Ben Power adapts three DH Lawrence stories of a coal-mining town between Derbyshire
and Nottinghamshire in 1911, having them play out in parallel in a single
neighbourhood. Three houses are marked out on Bunny Christie's in-the-round set: At
the Holroyds', Lizzie (Anne-Marie Duff) is always saying she's finally had enough of
her husband Charles (Martin Marquez,) an angry drunk who's not above stumbling home
in the middle of the night with other women in tow. But she always takes him back,
despite the efforts of the plant's electrician Blackmore (Philip McGinley,) even when he reveals he's in love with her, and his plan to help her escape with him to Spain.
Round the corner at the Gascoignes', one of Joe Armstrong
and Louise Brealey's alternate Constellations universes has gone very wrong:
Luther and Minnie have only been married six weeks but already their relationship
seems to have reached a point of mutual loathing. Luther is convinced Minnie only married him when she ran out of other options, but
he's the one who played the field - another local girl he slept with shortly before
the wedding is now pregnant, and her mother wants cash to keep it quiet.
Between these houses is perhaps the slightest of the three stories, in the Lambert
house. Walter (Lloyd Hutchinson) accuses his wife Lydia (Julia Ford) of having
another man she prefers to him, but it's not a lover: Lydia is devoted to her son
Ernest (Johnny Gibbon,) who's going to college in hopes of a better life than his
parents', and has become insufferably pretentious about it in the process.

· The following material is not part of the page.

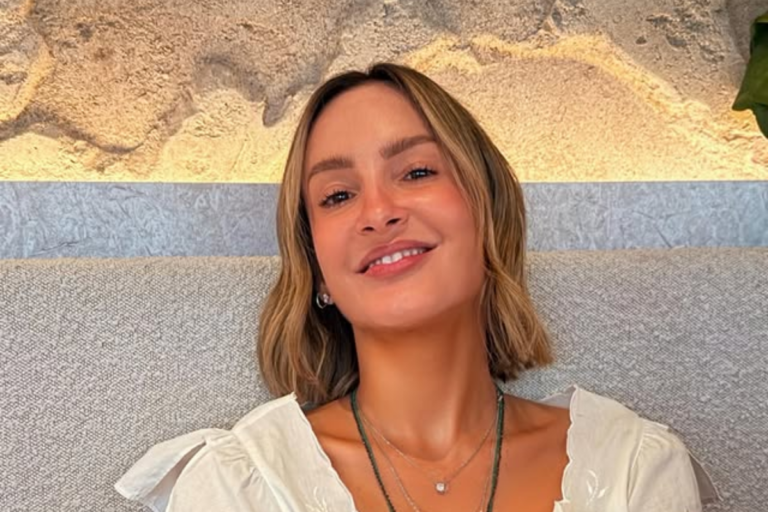 Cantora Claudia Leitte sorri de frente para a câmera. Ela tem cabelos loiros curtos no corte bob, usa blusa branca com decote e colares delicados.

He's also
met a girl, and his mother can't stand the idea of sharing him.
It is, just as it seems, typically grim DH Lawrence fare, but director Marianne Elliott
characteristically instills it with a lot of life and real feeling. From the opening
as a lighting rig is raised above the stage, echoing the lift up from the coalmine
bringing the husbands home, there's an energy built around the hard manual work that
sees the men spend most of their time coated in coal dust. For me, the Gascoignes'
story felt the most fully fleshed-out, but that might be because their part of the
set was closest to where I was sitting. In Luther and his brother Joe (Matthew
Barker,) and their eventual admission that they're tied to their mother's apron
strings to the point that no wife will ever be good enough, it sums up the vicious
circle Lawrence offers: Neglected by their husbands, the women focus on their sons,
who will in turn neglect their wives.
Although nicely done, the Lamberts' story feels less essential than the other two,
although it does back up these themes. But with Duff as the production's star name,
it's Lizzie who's ultimately the story's traffic heroine, her unmerited sense of
guilt over an event she couldn't have prevented will likely haunt her long after the
events of the play. I wouldn't want to be this immersed in Lawrence's depressing
world too often, but Elliott's production gives a lot of life to Power's
well-constructed merging of the three plays.
Husbands & Sons by DH Lawrence, adapted by Ben Power, is booking in repertory until the 10th of February at the National Theatre's Dorfman (returns, day seats and rush tickets only) then continuing on tour to Manchester.
Running time: 2 hours 55 minutes including interval.